# 19. Streaming Inference

Real-time inference on streaming sensor data with sliding windows.

## Contents
1. [Setup](#1-setup)
2. [Sliding Window Inference](#2-sliding-window-inference)
3. [Incremental Processing](#3-incremental-processing)
4. [Latency Optimization](#4-latency-optimization)
5. [Buffer Management](#5-buffer-management)
6. [Real-Time Simulation](#6-real-time-simulation)

---

## 1. Setup

In [None]:
import sys
from pathlib import Path

project_root = Path.cwd().parent
sys.path.insert(0, str(project_root / 'src'))

import torch
import torch.nn as nn
import numpy as np
import matplotlib.pyplot as plt
from typing import Dict, List, Optional, Deque
from collections import deque
import json
import time
import threading
import queue

print(f"Python: {sys.version}")
print(f"PyTorch: {torch.__version__}")
device = torch.device('cpu')  # Use CPU for real-time to avoid GPU sync overhead
print(f"Device: {device}")

SEED = 42
torch.manual_seed(SEED)
np.random.seed(SEED)
plt.style.use('seaborn-v0_8-whitegrid')

In [None]:
# Load model
from miracle.model.backbone import MMDTAELSTMBackbone
from miracle.model.multihead_lm import MultiHeadGCodeLM

VOCAB_PATH = project_root / 'data' / 'gcode_vocab_v2.json'
CHECKPOINT_PATH = project_root / 'outputs' / 'final_model' / 'checkpoint_best.pt'

with open(VOCAB_PATH) as f:
    vocab = json.load(f)

if CHECKPOINT_PATH.exists():
    checkpoint = torch.load(CHECKPOINT_PATH, map_location=device, weights_only=False)
    config = checkpoint.get('config', {})
else:
    config = {'hidden_dim': 256, 'num_layers': 4, 'num_heads': 8, 'dropout': 0.0}

backbone = MMDTAELSTMBackbone(
    continuous_dim=155,
    categorical_dims=[10, 10, 50, 50],
    d_model=config.get('hidden_dim', 256),
    num_layers=config.get('num_layers', 4),
    num_heads=config.get('num_heads', 8),
    dropout=0.0  # No dropout for inference
).to(device)

lm = MultiHeadGCodeLM(
    d_model=config.get('hidden_dim', 256),
    vocab_sizes=vocab.get('head_vocab_sizes', {'type': 10, 'command': 50, 'param_type': 30, 'param_value': 100})
).to(device)

if CHECKPOINT_PATH.exists():
    backbone.load_state_dict(checkpoint['backbone_state_dict'])
    lm.load_state_dict(checkpoint['lm_state_dict'])

backbone.eval()
lm.eval()
print("Model loaded for streaming inference")

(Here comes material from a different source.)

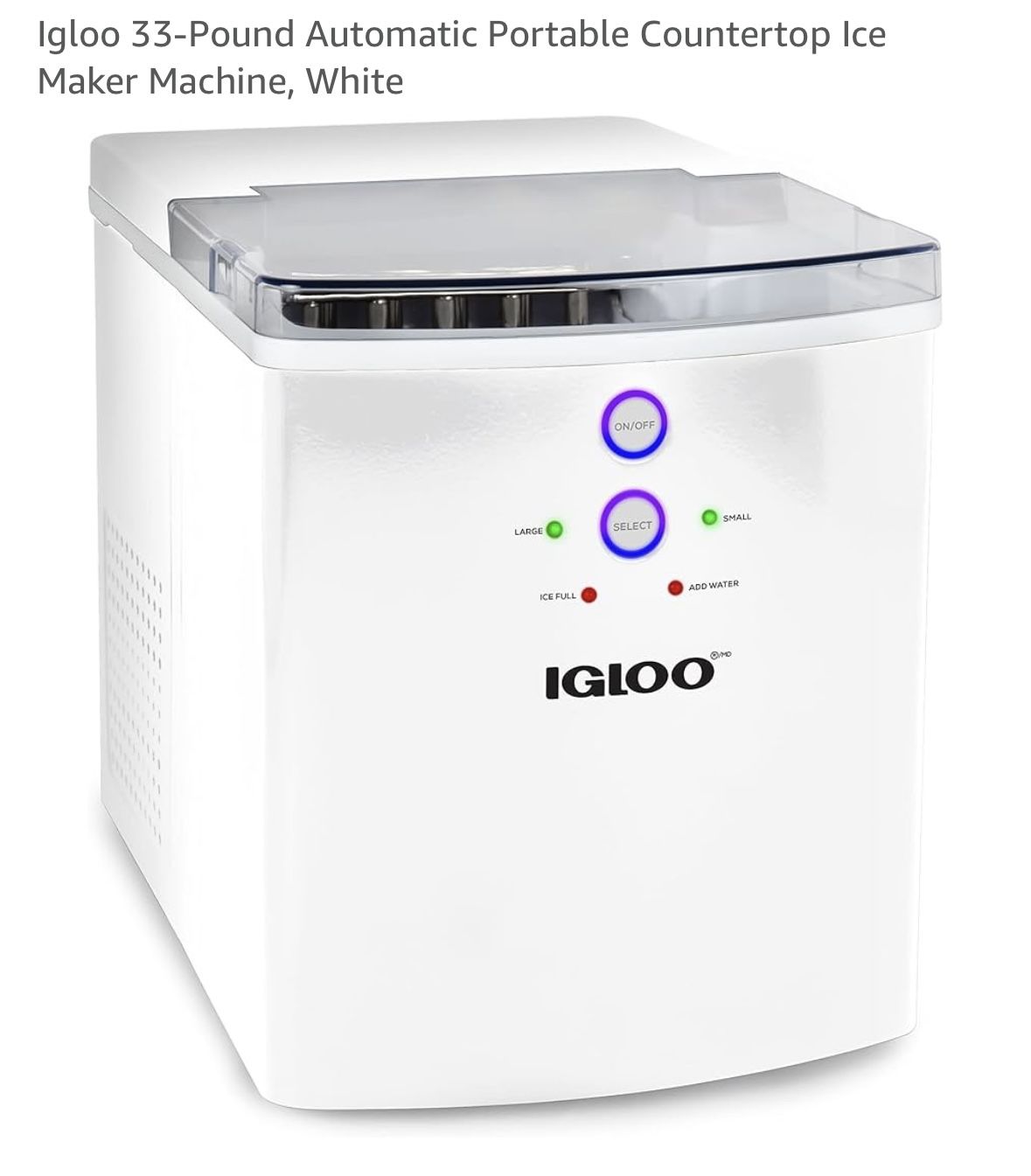 Igloo 33 Pound Automatic Ice Maker Machine Portable Countertop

## 2. Sliding Window Inference

Process streaming data with overlapping windows.

In [None]:
class SlidingWindowInference:
    """Sliding window inference for streaming data."""
    
    def __init__(self, backbone, lm, window_size=64, stride=16):
        self.backbone = backbone
        self.lm = lm
        self.window_size = window_size
        self.stride = stride
        
        # Buffer for incoming data
        self.continuous_buffer = deque(maxlen=window_size * 2)
        self.categorical_buffer = deque(maxlen=window_size * 2)
        
        # Prediction cache for smoothing
        self.prediction_cache = {}
        
    def add_sample(self, continuous, categorical):
        """Add a single timestep to the buffer."""
        self.continuous_buffer.append(continuous)
        self.categorical_buffer.append(categorical)
        
    def can_predict(self):
        """Check if we have enough data for prediction."""
        return len(self.continuous_buffer) >= self.window_size
    
    def predict(self):
        """Run inference on current window."""
        if not self.can_predict():
            return None
        
        # Get current window
        cont_window = list(self.continuous_buffer)[-self.window_size:]
        cat_window = list(self.categorical_buffer)[-self.window_size:]
        
        # Stack into tensors
        continuous = torch.stack(cont_window).unsqueeze(0)  # [1, T, C]
        categorical = torch.stack(cat_window).unsqueeze(0)  # [1, T, 4]
        
        with torch.no_grad():
            hidden = self.backbone(continuous, categorical)
            predictions = self.lm(hidden)
        
        return predictions
    
    def reset(self):
        """Clear buffers."""
        self.continuous_buffer.clear()
        self.categorical_buffer.clear()


# Create sliding window processor
sliding_window = SlidingWindowInference(backbone, lm, window_size=64, stride=16)

# Simulate streaming data
print("Simulating streaming inference...")

latencies = []
for t in range(100):
    # Generate random sensor sample
    continuous = torch.randn(155)
    categorical = torch.randint(0, 10, (4,))
    
    # Add to buffer
    sliding_window.add_sample(continuous, categorical)
    
    # Predict if we have enough data
    if sliding_window.can_predict() and t % sliding_window.stride == 0:
        start = time.time()
        preds = sliding_window.predict()
        latency = (time.time() - start) * 1000
        latencies.append(latency)

print(f"Mean latency: {np.mean(latencies):.2f} ms")
print(f"Max latency: {np.max(latencies):.2f} ms")
print(f"P95 latency: {np.percentile(latencies, 95):.2f} ms")

In [None]:
# Visualize sliding window operation
fig, axes = plt.subplots(2, 1, figsize=(14, 6))

# Generate sample signal
signal = np.sin(np.linspace(0, 8*np.pi, 200)) + 0.3 * np.random.randn(200)
window_size = 64
stride = 16

# Show signal with windows
axes[0].plot(signal, 'b-', alpha=0.7)

colors = plt.cm.Set2(np.linspace(0, 1, 5))
for i, start in enumerate([0, 16, 32, 48, 64]):
    if start + window_size <= len(signal):
        axes[0].axvspan(start, start + window_size, alpha=0.2, color=colors[i % len(colors)])
        axes[0].axvline(x=start, color=colors[i % len(colors)], linestyle='--', alpha=0.5)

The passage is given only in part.